* **WHAT TO PRODUCE**: In the entries that follow, the line with "Photo 2 from" opens the range and the line with "4003S Fireglo 4-Saiter E-Bass" closes it; repeat that range exactly, both lines included.

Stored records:
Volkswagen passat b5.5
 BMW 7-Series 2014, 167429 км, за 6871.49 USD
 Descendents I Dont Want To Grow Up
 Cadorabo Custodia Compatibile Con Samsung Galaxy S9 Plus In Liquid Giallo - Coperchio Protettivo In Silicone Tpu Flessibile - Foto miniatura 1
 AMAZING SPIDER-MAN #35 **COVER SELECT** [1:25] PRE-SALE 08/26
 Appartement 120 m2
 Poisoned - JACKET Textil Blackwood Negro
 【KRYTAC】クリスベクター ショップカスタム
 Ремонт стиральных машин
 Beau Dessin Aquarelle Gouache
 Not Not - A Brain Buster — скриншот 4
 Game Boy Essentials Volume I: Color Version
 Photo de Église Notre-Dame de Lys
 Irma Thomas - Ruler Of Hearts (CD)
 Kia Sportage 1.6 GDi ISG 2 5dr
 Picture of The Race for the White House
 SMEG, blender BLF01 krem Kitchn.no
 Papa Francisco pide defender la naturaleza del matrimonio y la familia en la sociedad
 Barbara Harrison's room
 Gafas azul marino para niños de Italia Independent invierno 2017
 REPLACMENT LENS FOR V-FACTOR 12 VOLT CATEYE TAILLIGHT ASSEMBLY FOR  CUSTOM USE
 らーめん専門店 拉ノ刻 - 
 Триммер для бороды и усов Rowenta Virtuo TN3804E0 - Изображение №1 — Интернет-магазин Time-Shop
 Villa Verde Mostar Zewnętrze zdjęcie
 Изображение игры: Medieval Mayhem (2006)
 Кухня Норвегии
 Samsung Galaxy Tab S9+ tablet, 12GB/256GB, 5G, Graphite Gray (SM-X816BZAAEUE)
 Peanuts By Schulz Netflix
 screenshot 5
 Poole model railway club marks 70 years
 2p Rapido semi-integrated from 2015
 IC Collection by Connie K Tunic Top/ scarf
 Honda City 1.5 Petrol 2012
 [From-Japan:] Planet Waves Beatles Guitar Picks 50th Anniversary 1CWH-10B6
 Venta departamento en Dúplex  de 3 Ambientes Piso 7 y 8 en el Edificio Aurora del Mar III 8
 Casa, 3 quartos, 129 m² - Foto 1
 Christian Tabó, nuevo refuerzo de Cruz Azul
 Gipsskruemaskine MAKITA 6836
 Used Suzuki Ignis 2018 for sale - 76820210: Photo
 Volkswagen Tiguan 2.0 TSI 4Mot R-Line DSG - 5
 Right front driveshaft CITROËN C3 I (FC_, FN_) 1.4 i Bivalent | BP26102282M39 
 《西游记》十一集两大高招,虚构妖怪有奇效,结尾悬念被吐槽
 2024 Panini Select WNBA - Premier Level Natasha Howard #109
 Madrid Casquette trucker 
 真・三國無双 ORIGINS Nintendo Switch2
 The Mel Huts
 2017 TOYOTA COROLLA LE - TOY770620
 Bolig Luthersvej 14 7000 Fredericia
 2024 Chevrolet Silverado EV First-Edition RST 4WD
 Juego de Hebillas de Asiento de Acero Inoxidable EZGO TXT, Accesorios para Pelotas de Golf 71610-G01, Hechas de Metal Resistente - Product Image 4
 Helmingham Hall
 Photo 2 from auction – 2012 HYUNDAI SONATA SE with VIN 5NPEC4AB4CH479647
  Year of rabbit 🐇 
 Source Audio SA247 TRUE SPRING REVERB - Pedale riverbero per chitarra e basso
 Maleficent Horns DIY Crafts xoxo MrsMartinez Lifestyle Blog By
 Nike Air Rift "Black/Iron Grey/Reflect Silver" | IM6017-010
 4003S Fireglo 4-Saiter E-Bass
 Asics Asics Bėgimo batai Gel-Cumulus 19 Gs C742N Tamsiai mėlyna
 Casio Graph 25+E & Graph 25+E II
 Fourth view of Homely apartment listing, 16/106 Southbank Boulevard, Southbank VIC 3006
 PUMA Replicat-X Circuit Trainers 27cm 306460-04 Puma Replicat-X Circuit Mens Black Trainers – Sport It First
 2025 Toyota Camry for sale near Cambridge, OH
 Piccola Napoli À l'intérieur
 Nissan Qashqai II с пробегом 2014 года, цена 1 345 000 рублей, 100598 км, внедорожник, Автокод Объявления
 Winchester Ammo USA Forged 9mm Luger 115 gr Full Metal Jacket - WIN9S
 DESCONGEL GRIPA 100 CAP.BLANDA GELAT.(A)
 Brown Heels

* **RESULT FOR THIS TASK**:
 Photo 2 from auction – 2012 HYUNDAI SONATA SE with VIN 5NPEC4AB4CH479647
  Year of rabbit 🐇 
 Source Audio SA247 TRUE SPRING REVERB - Pedale riverbero per chitarra e basso
 Maleficent Horns DIY Crafts xoxo MrsMartinez Lifestyle Blog By
 Nike Air Rift "Black/Iron Grey/Reflect Silver" | IM6017-010
 4003S Fireglo 4-Saiter E-Bass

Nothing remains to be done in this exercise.